Colombia no puede volver a caer en el círculo del terror que marcó los años noventa, ni rendirse otra vez ante las fauces del narcoterrorismo.
Hoy, las redes sociales —ese llamado quinto poder— han descentralizado la comunicación. Ya no está exclusivamente en manos de los grandes medios. Voces independientes, tiktokers, influencers y líderes de opinión están narrando una realidad que muchos intentan silenciar: la profunda injusticia social que atraviesa nuestro país.
Por eso, alzamos la voz para exigir condiciones reales de seguridad y protección efectiva para quienes defienden los derechos humanos y construyen, día a día, un país más justo.
Lo sucedido en Bogotá y Cali no es un hecho aislado: es la punta del iceberg. Cientos de líderes y lideresas han sido perseguidos, amenazados y asesinados. Aunque se refuercen sus esquemas de seguridad, sus vidas quedan marcadas. Vivir bajo escolta no es vivir: es sobrevivir.
Si realmente aspiramos a la paz, debemos empezar por desarmar los corazones, fomentar la reconciliación y el respeto mutuo. Pero, ¿están dispuestos quienes han detentado el poder durante décadas a permitir ese cambio? ¿Cuánto les incomoda un gobierno que busca redistribuir privilegios y garantizar derechos?
Este gobierno ha puesto en el centro del poder a los históricamente excluidos: afrodescendientes, indígenas, campesinos, sectores populares, diversidades sexuales y juventudes marginadas. Ha llevado recursos a territorios olvidados, pero muchas de estas acciones siguen siendo invisibilizadas por medios que privilegian el escándalo sobre el reconocimiento.
La violencia política en Colombia tiene un patrón cíclico, que se agudiza en cada periodo electoral. Desde los años noventa —con los asesinatos de Pizarro, el atentado contra Antonio Navarro, y el genocidio impune contra la Unión Patriótica— se han acallado sistemáticamente las voces que proponen un país distinto.
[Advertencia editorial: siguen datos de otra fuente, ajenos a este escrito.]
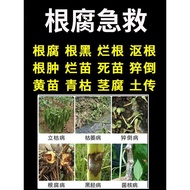 Pepper Dead Seedling Root Root First Aid Root Corruption Cold Disease Dead Root Root Dead Root Dead 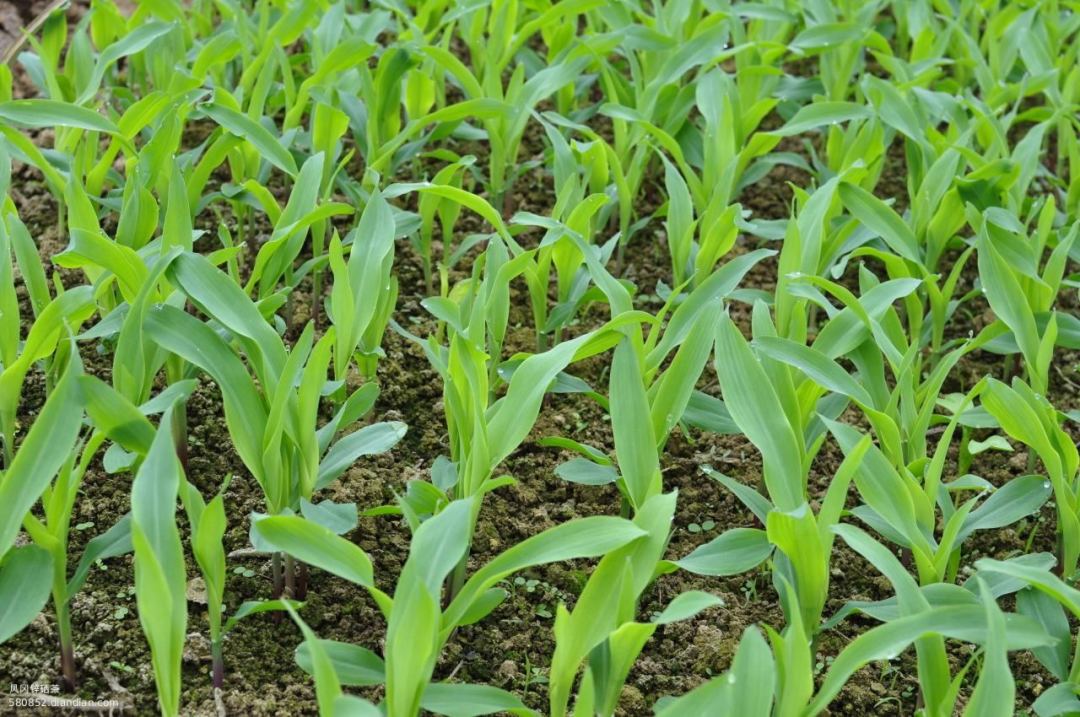 现在正是玉米间苗的最佳时期,希望广大农民朋友及时进行.
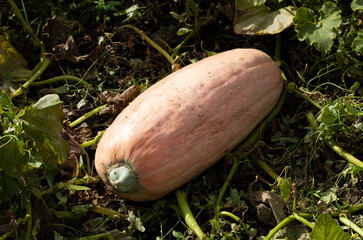 Large ripe orange pumpkin in the garden. Autumn harvest. Vitamins. Diet food concept. Close-up. Copyspace.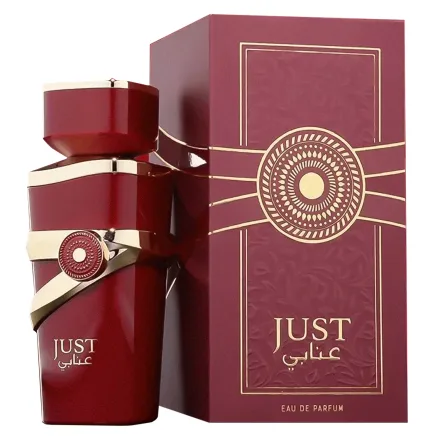 Perfume Fragrance World Just Anabi Eau Parfum Feminino 100ml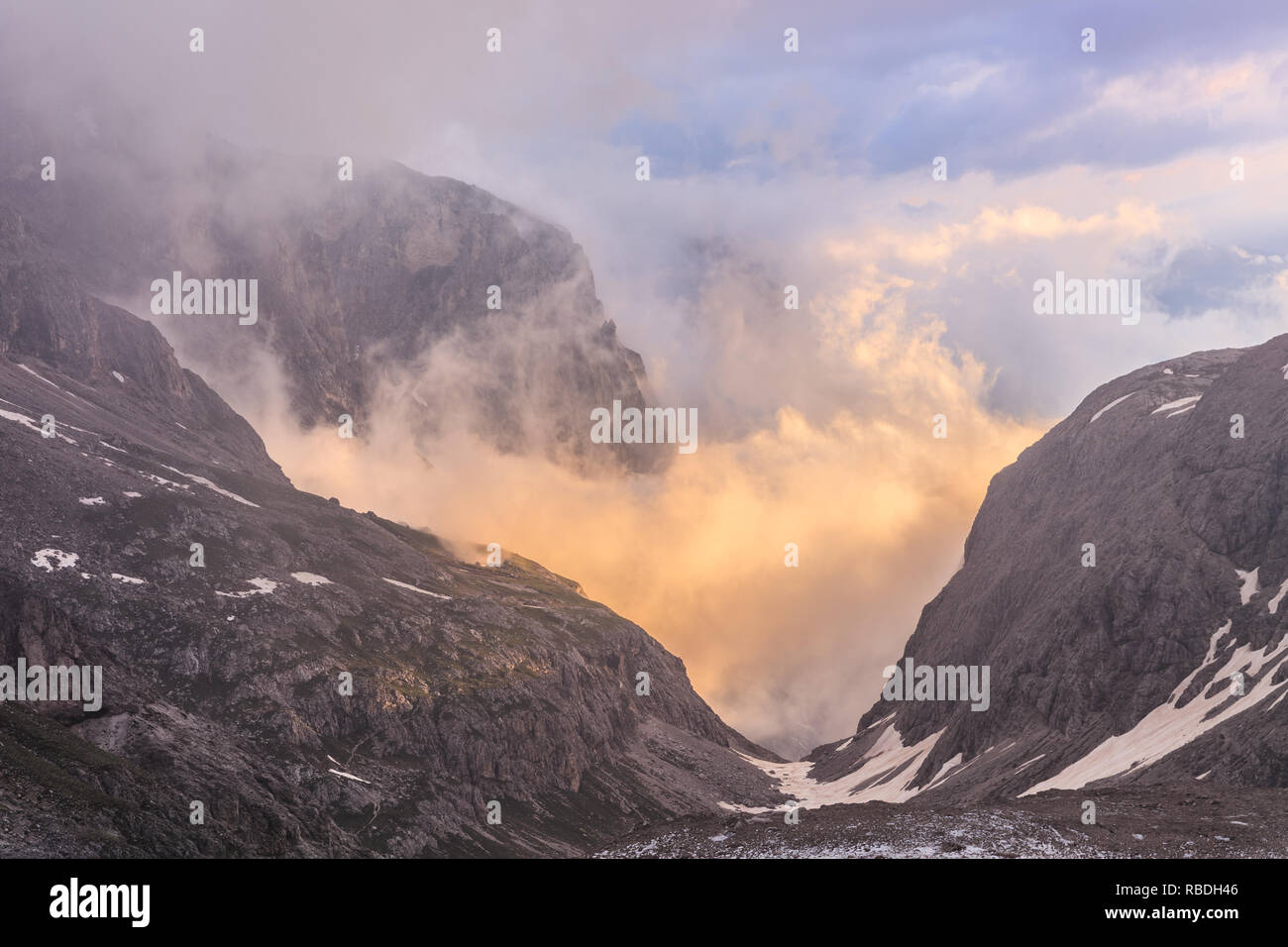 Rosetta in montagna Le Pale di San Martino, Dolomiti, Italia Foto Stock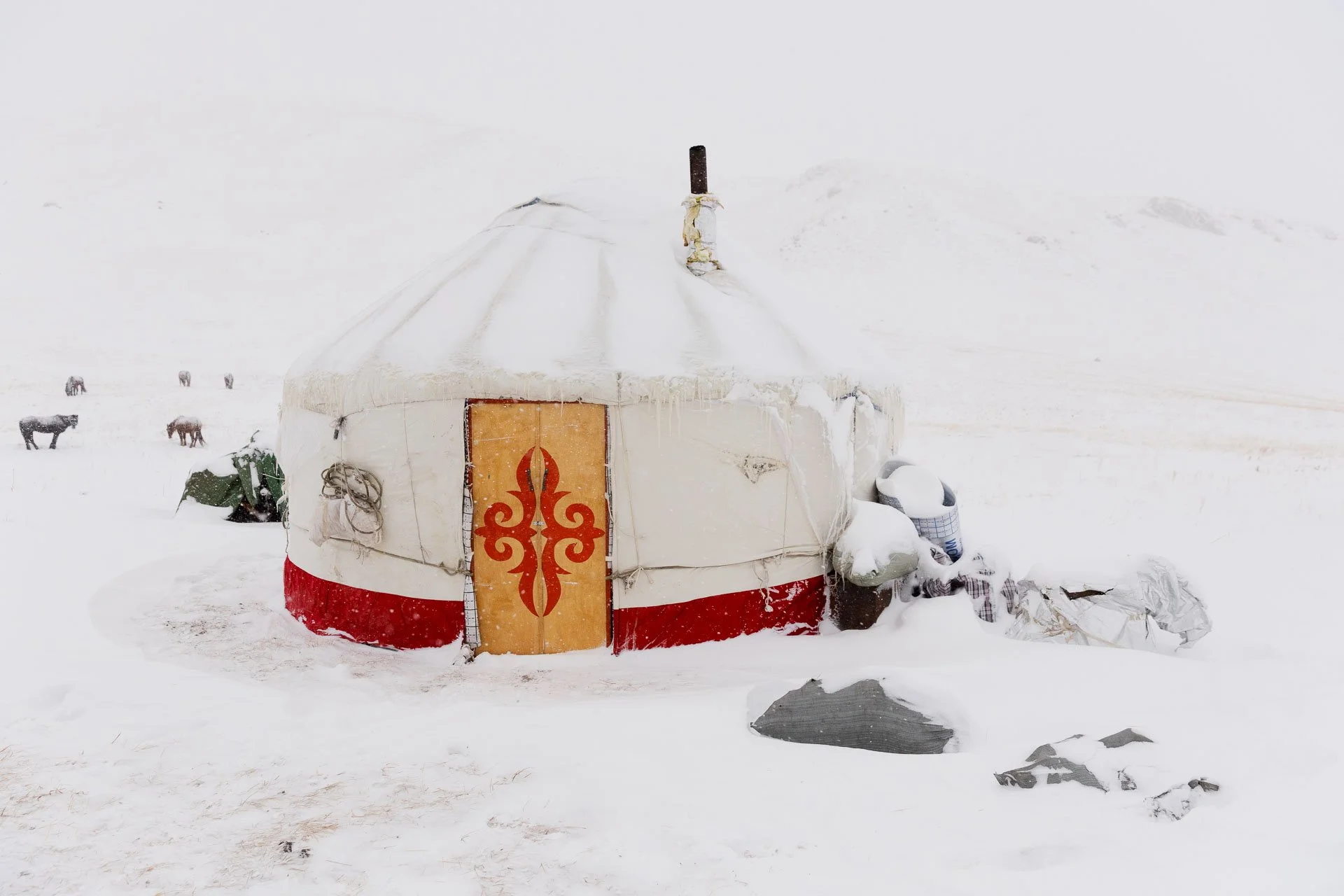 Yurt in the snowy mountains a snow leopard tracking holiday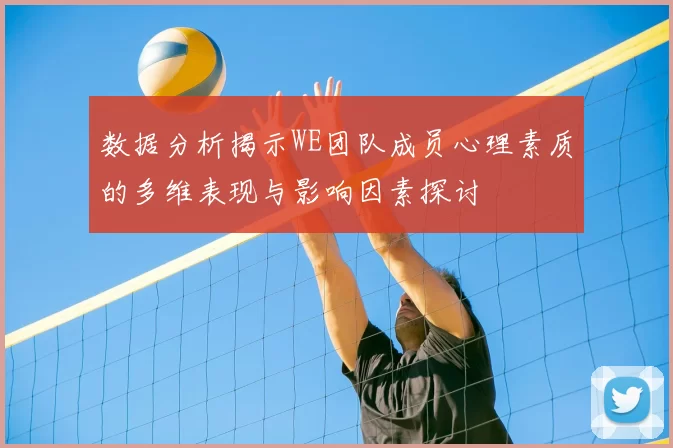 数据分析揭示WE团队成员心理素质的多维表现与影响因素探讨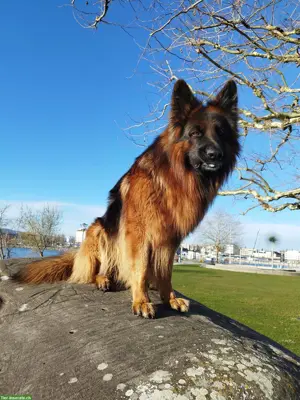 Suche Hundebetreuung für 1-2 Wochentage, Sitterdorf TG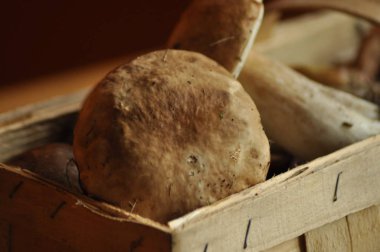 Çörek. Yenilebilir mantar bir sepet, Lubyanka yatan. Mantar.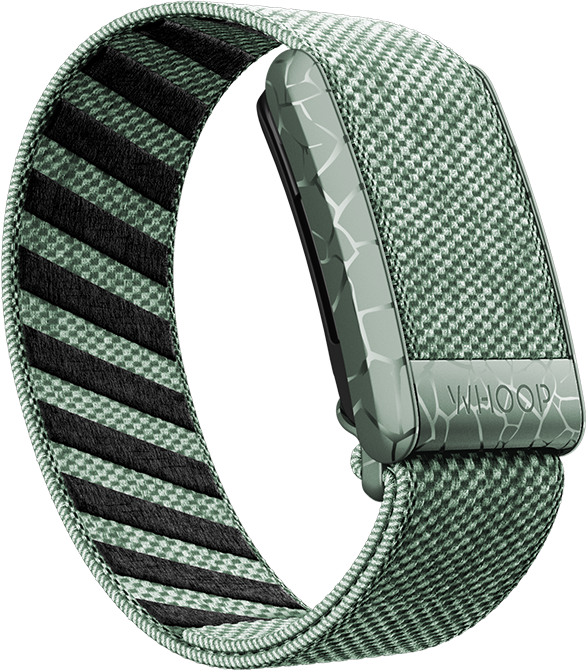 4.0 Electric Sage SuperKnit Band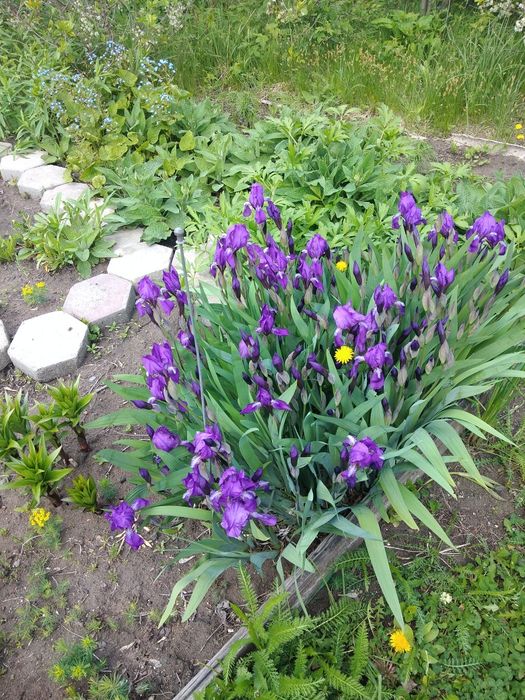 Цветы многолетние корневищем 500тенге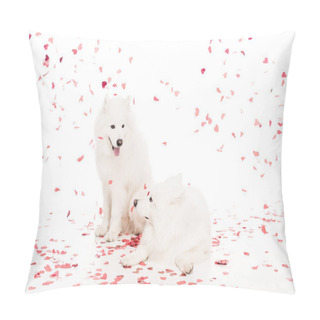 Personality  Two Samoyed Dogs Under Falling Heart Shaped Confetti On White, Valentines Day Concept Pillow Covers
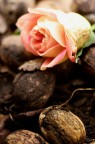 noci di rosa noci di rosa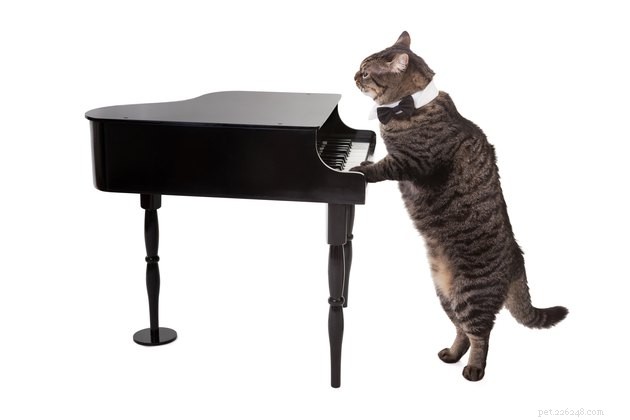 108 Hand‑picked Names for Your Black & White Cat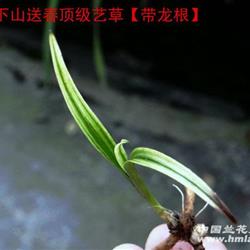 刚下山送春顶级赌水晶缟花艺草【带龙根】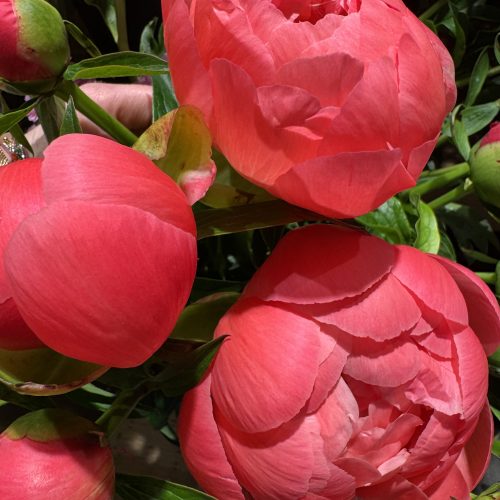 Pivoine Coral Charm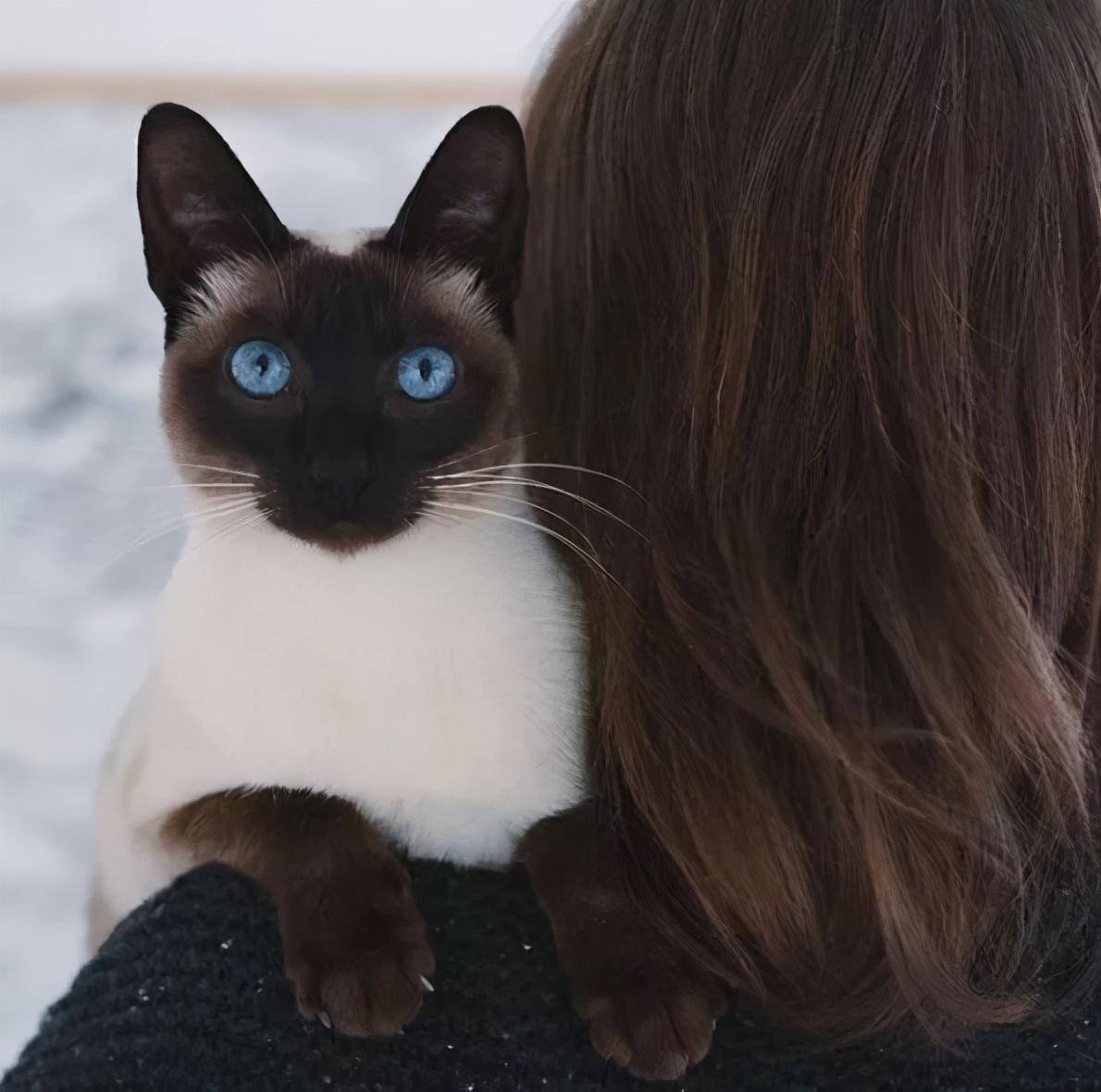 猫咪蛋蛋变黑是生病了吗？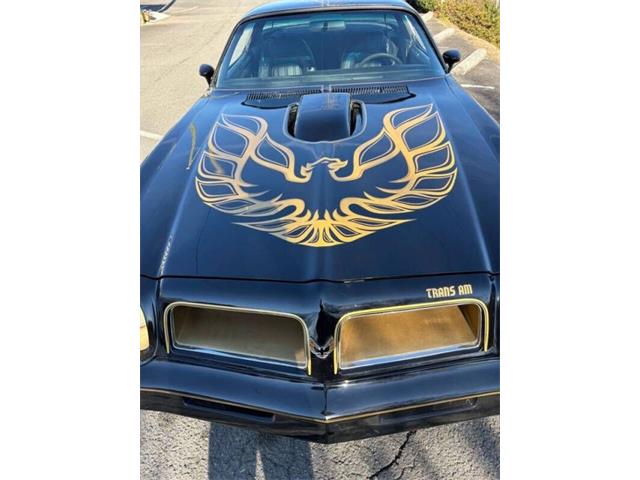 1976 Pontiac Firebird Trans Am (CC-2073572) for sale in Greensboro, North Carolina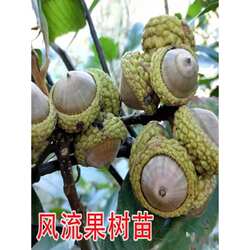 风流果树苗南方种植嫁接盆栽阳台庭院双肾子强肾风流果苗龟头子树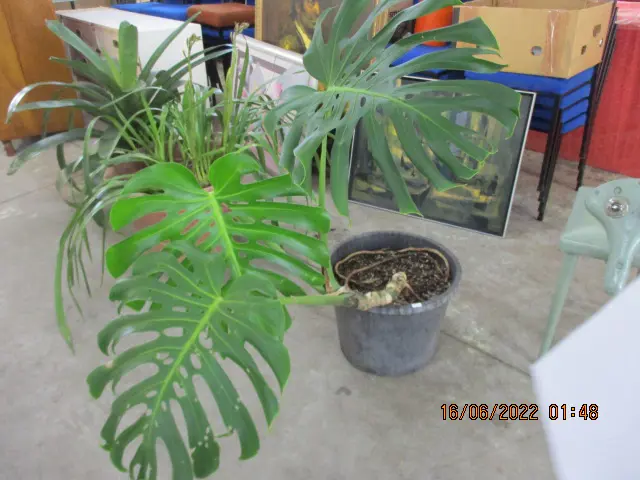 Monstera Image 1++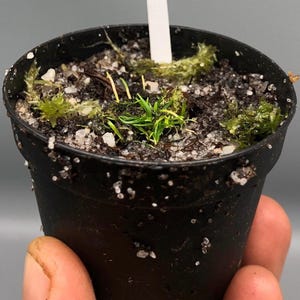 Utricularia Longiciliata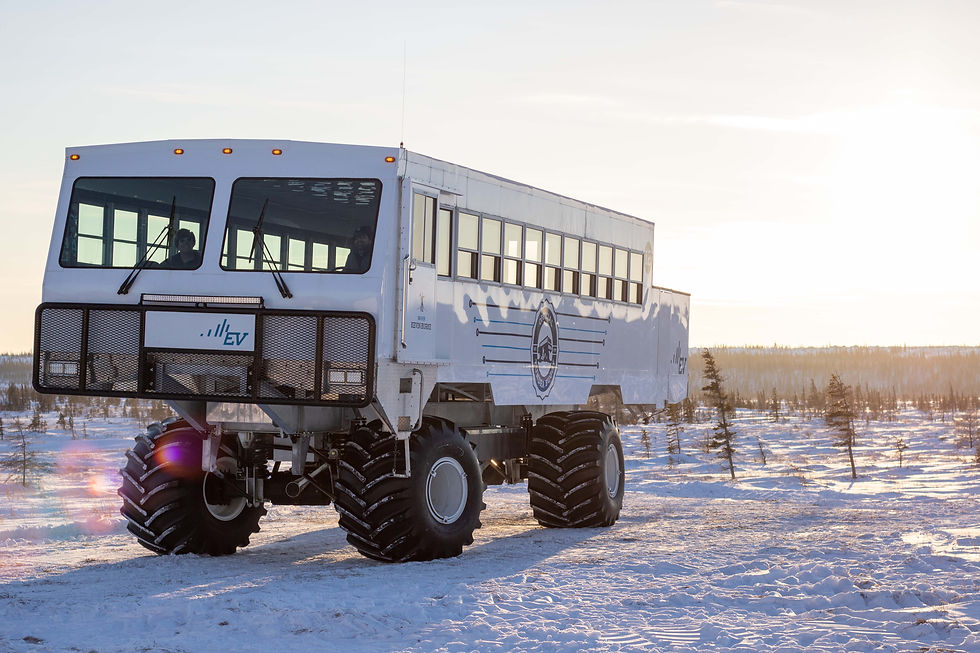 E-Tundra Buggy von Frontiers North Adventures - Credit: Alex Cupeiro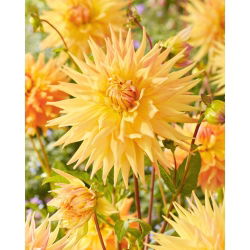 Dahlia - Penhill Autumn Shade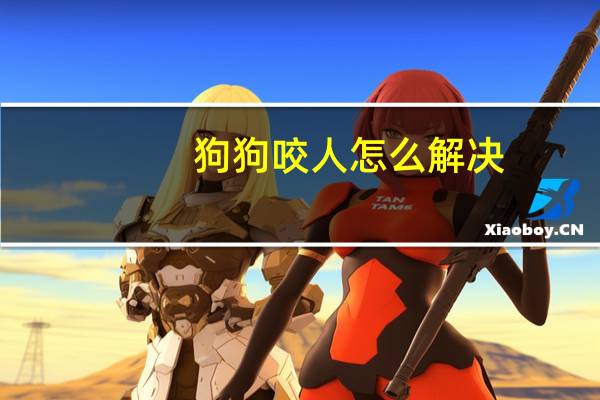 狗狗咬人怎么解决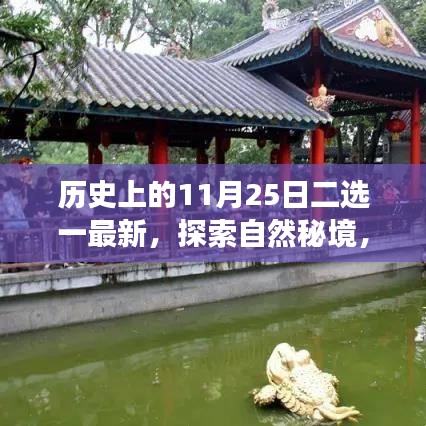 歷史上的重要日子與今日心靈探索之旅，揭秘自然秘境二選一最新動態(tài)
La reciente marcha del silencio, paradójicamente, me deja muda. Claro que hay que marchar por la vida. ¡La vida es sagrada! Y es una lástima que el profe Mockus se haya alejado del verde: su presencia, como la de Navarro, sigue siendo un faro. Cada gesto suyo conmueve. Pero incluso sus llamados a la unión y reconciliación hoy me resultan difíciles de procesar. ¿Reconciliación con quién? ¿Con quienes nunca han querido reconciliarse? ¿Con quienes siguen estigmatizando y excluyendo?
Yo me reconcilio con quienes también quieren hacerlo conmigo. No con quienes me niegan, me despojan o me juzgan. ¿Qué futuro le espera entonces a la dejación de armas? ¿Qué sentido tiene hablar de paz si seguimos social y emocionalmente sindicados?
Ahora todos parecen expertos en derecho constitucional, lo defienden con fervor… pero en 1991 eran pocos los que realmente lo apoyaban. Muchos de quienes hoy lo invocan, entonces lo habrían rechazado.
Mientras tanto, nadie habla de lo que pasa en los barrios: robos, asesinatos, desapariciones. Tal vez por ellos sí marcharía. Porque no tienen voz ni medios. Son el pueblo: los “nadies”, los “de a pie”, los que sostienen este país sin que se les reconozca nada.
Cientos de jóvenes siguen atrapados en la pobreza estructural, marginados por el hambre, mientras un Congreso protege sin pudor los intereses de sus patronos como si fueran los del pueblo.
El debate entre la vida y la muerte no se reduce a una figura pública. Se juega cada día en la suerte de miles que no dependen de redes sociales ni de pantallas, sino de la voluntad de sobrevivir con lo justo.
Quitémonos las gafas del privilegio. Miremos de frente lo que está ocurriendo. Y no solo en Colombia: el planeta entero está al borde. El clima es cada vez más errático. El nivel del mar ha subido entre 20 y 23 centímetros desde 1880, producto del derretimiento de glaciares, la expansión térmica de los océanos y un modelo económico basado en la depredación: petróleo, minerales, agua, vida.
El pastoreo masivo para la producción de carne ha destruido suelos fértiles. Estamos presos del dinero, atrapados en un consumo compulsivo que promete placeres inmediatos y nos aleja de los procesos profundos y necesarios.
El mundo también se debate entre la vida y la muerte. Cada vez más caliente. Cada vez más desigual. Y en esa lucha por la equidad, los pueblos han puesto los muertos. Porque la verdadera diferencia está entre un modelo que distribuye con justicia y otro que concentra con violencia.
Es tiempo de mirar con otros ojos. Es tiempo de actuar.